Former IAAF president attends court in Paris but case is put back due to new evidence
The trial of Lamine Diack, the former president of the IAAF (World Athletics), has been delayed until June.
The 86-year-old, who is charged with corruption and money-laundering offences linked to the Russian doping scandal, appeared from his four-year period of house arrest in Paris for a brief hearing in the French capital before the case was postponed due to new evidence.
His request to be allowed to return to his native Senegal, which is where his son and co-defendant Papa Massata Diack remains, was denied.
Along with the Diacks, the co-defendants include former IAAF anti-doping chief Gabriel Dolle and Diack’s former aide Habib Cisse, former Russian athletics chief and IAAF treasurer Valentin Balakhnichev and Russian coach Alexei Melnikov.

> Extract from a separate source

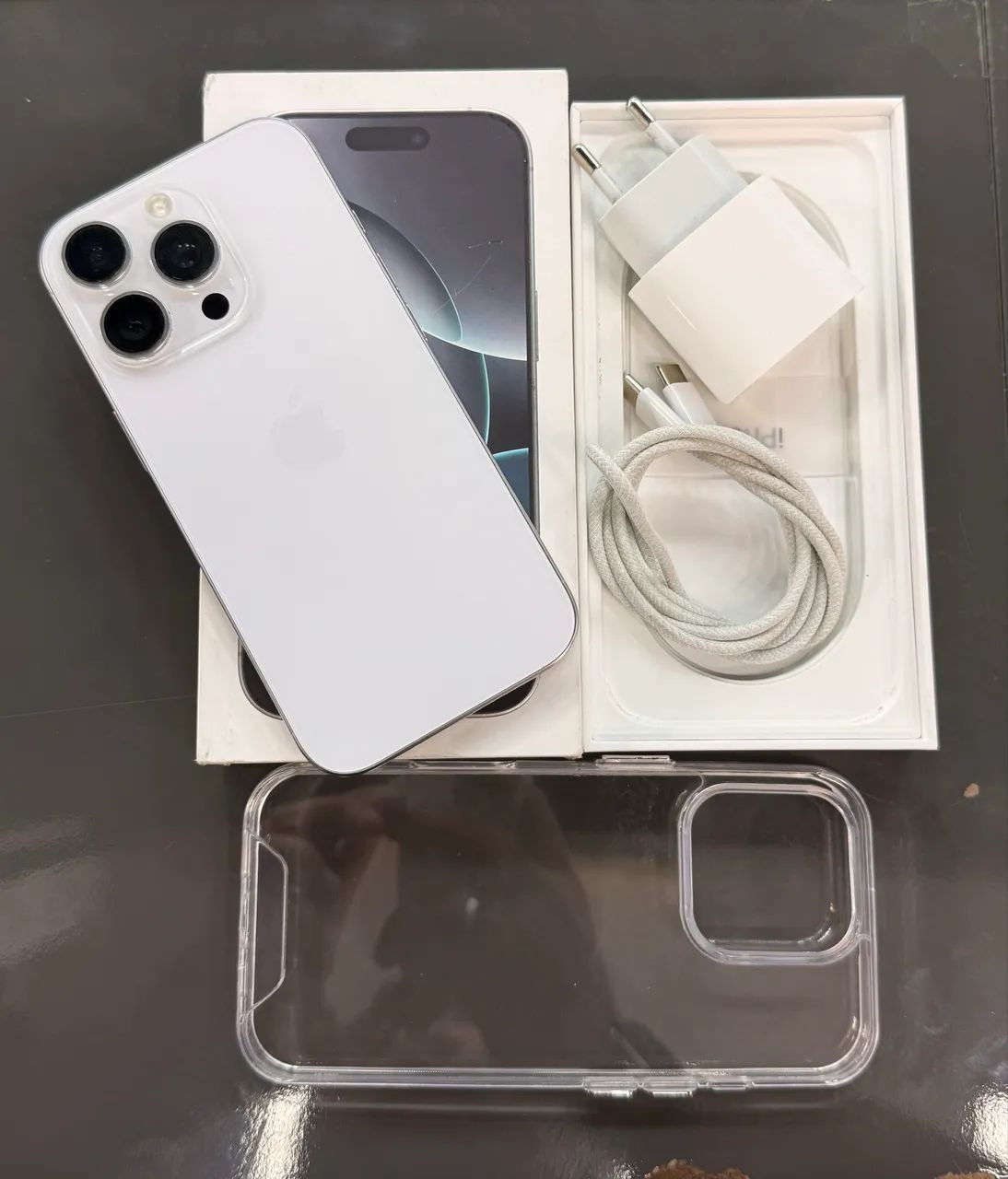 IPHONE 16 PRO 256GB WHITE TITANIUM  - Foto 2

They all deny the charges.
The BBC reports that World Athletics (formerly the IAAF) is seeking €41.2m (more than £35m) in compensation from the six defendants due to loss of sponsorship revenue and damage to reputation of the global governing body, which is now led by Seb Coe.
The Guardian, meanwhile, reported that French prosecutors are charging the Diacks with having “established a veritable organised criminal organisation – of formidable efficiency, specialising in corruption, money laundering and embezzlement”.
Further, it is alleged that Lamine Diack took money in exchange for allowing doped Russian athletes to compete at the London Olympics in 2012 and IAAF World Championships in Moscow in 2013.